Crawled caption data:
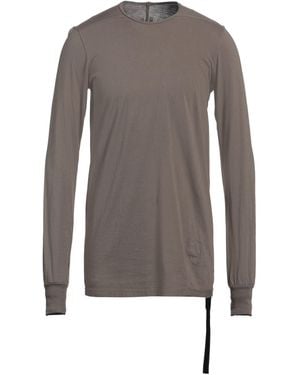 Rick Owens T-shirts - Grau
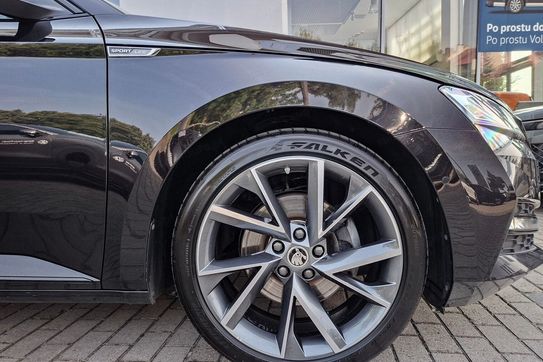 Skoda Superb 2.0 TDI SCR 4x4 Sportline DSG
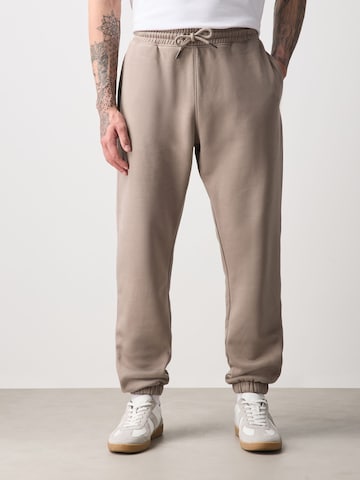 Next Tapered Hose in Grau: Vorderseite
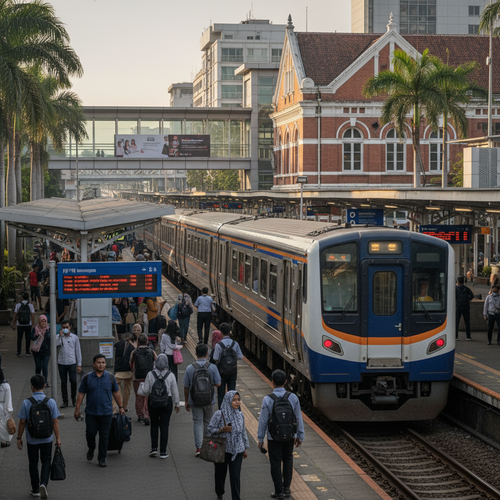 Menjelajahi Stasiun Jatinegara: Panduan Lengkap dan Peluang Perjalanan Kereta Api Jarak Jauh yang Lancar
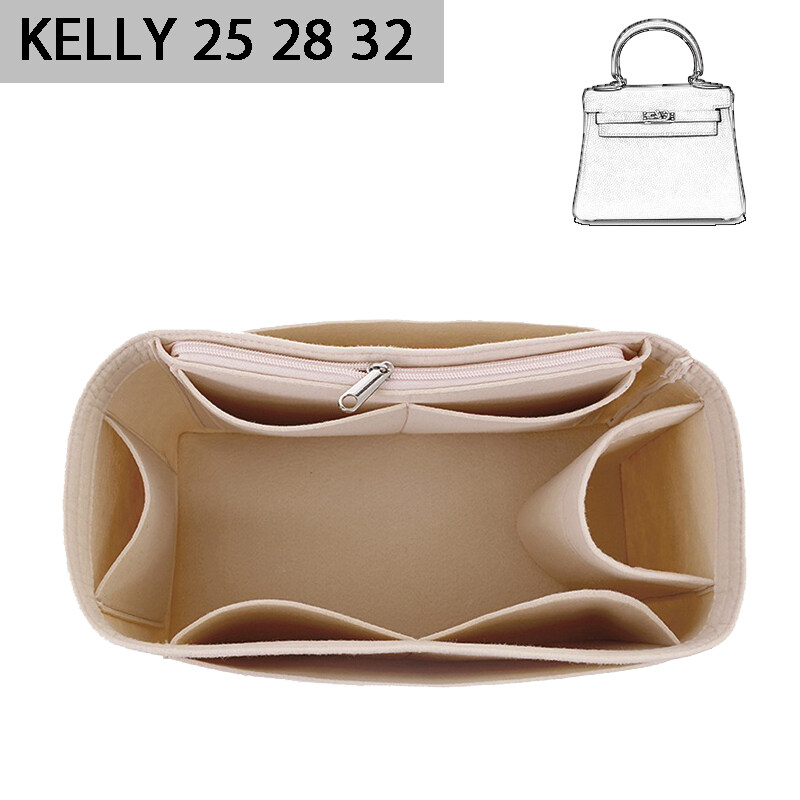 Speedy 25 Bag Organizer / Bag Insert / Louis Speedy 25 Felt -  Singapore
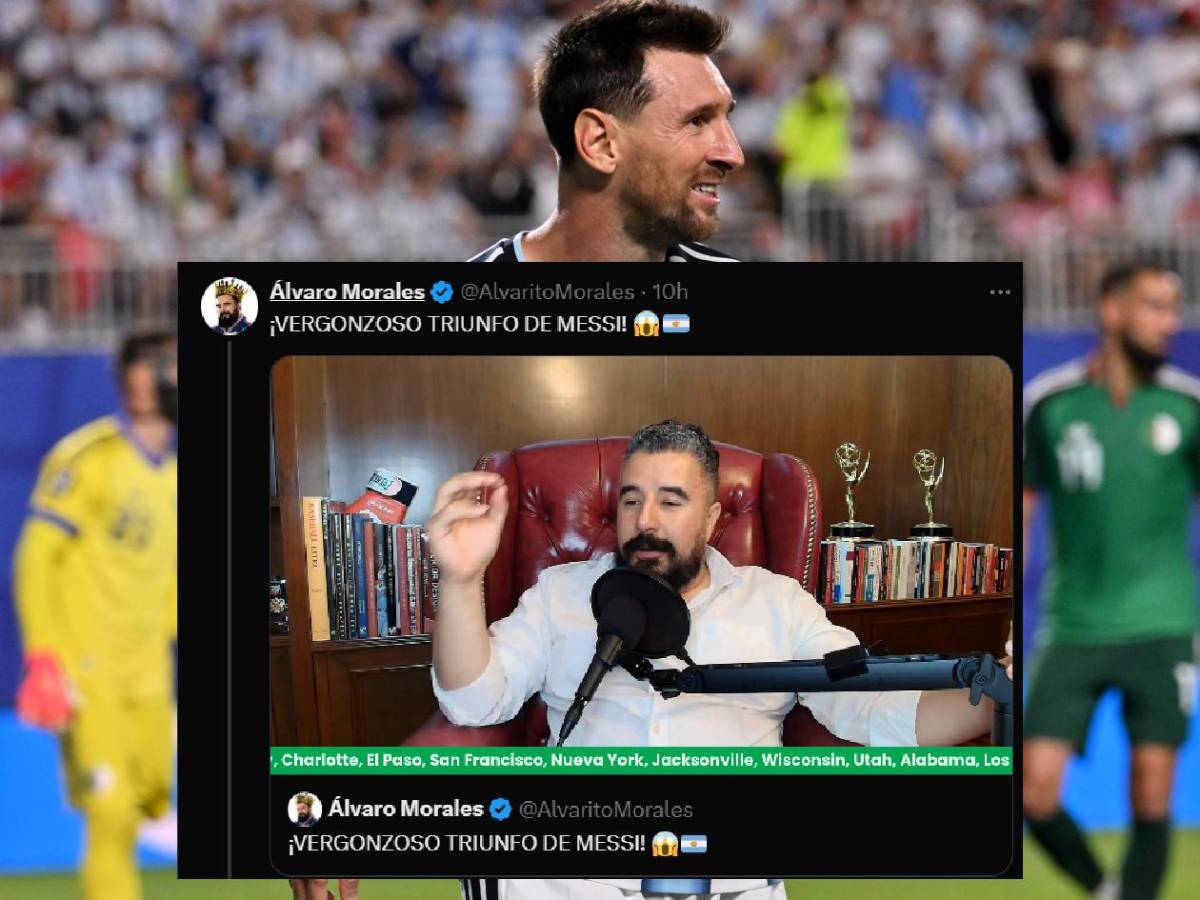 Siempre tiene alguna ayudita: la prensa sobre el hat-trick de Messi en el Mundial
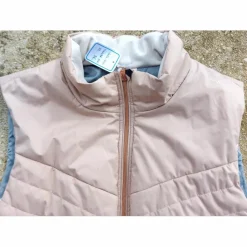 Veste sans manche rose*Fouganza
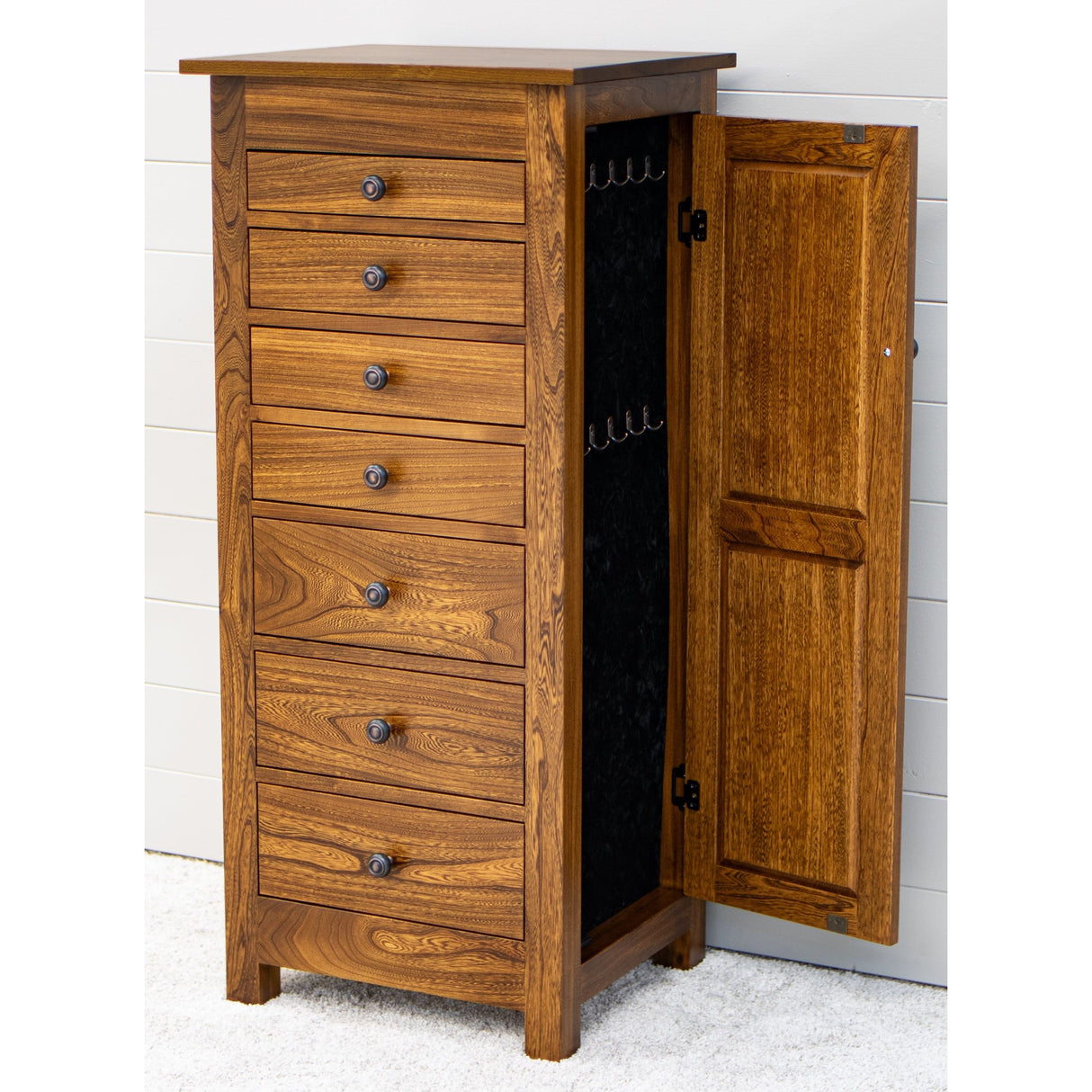 Mission Jewelry Armoire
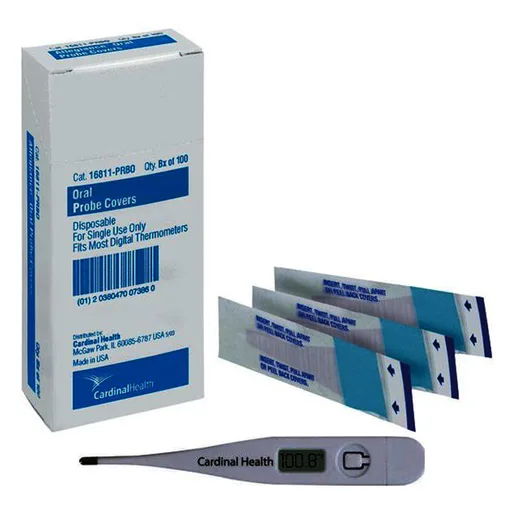 Cardinal Health Oral Thermometer Probe Cover
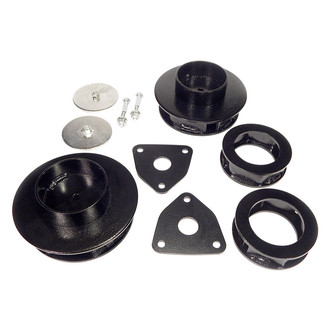 Southern Truck® - 2.5" x 0" Front Leveling Coil Spring Spacers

* _Exercise details_
All entries, top to bottom, should be retyped exactly; the pictures should not be.

* _Solved exercise_
 Rick Owens T-shirts - Grau
 Skoda Superb 2.0 TDI SCR 4x4 Sportline DSG
 Next Tapered Hose in Grau: Vorderseite
 Menjelajahi Stasiun Jatinegara: Panduan Lengkap dan Peluang Perjalanan Kereta Api Jarak Jauh yang Lancar
 Speedy 25 Bag Organizer / Bag Insert / Louis Speedy 25 Felt -  Singapore
 Siempre tiene alguna ayudita: la prensa sobre el hat-trick de Messi en el Mundial
 Veste sans manche rose*Fouganza
 Mission Jewelry Armoire
 Cardinal Health Oral Thermometer Probe Cover
 Southern Truck® - 2.5" x 0" Front Leveling Coil Spring Spacers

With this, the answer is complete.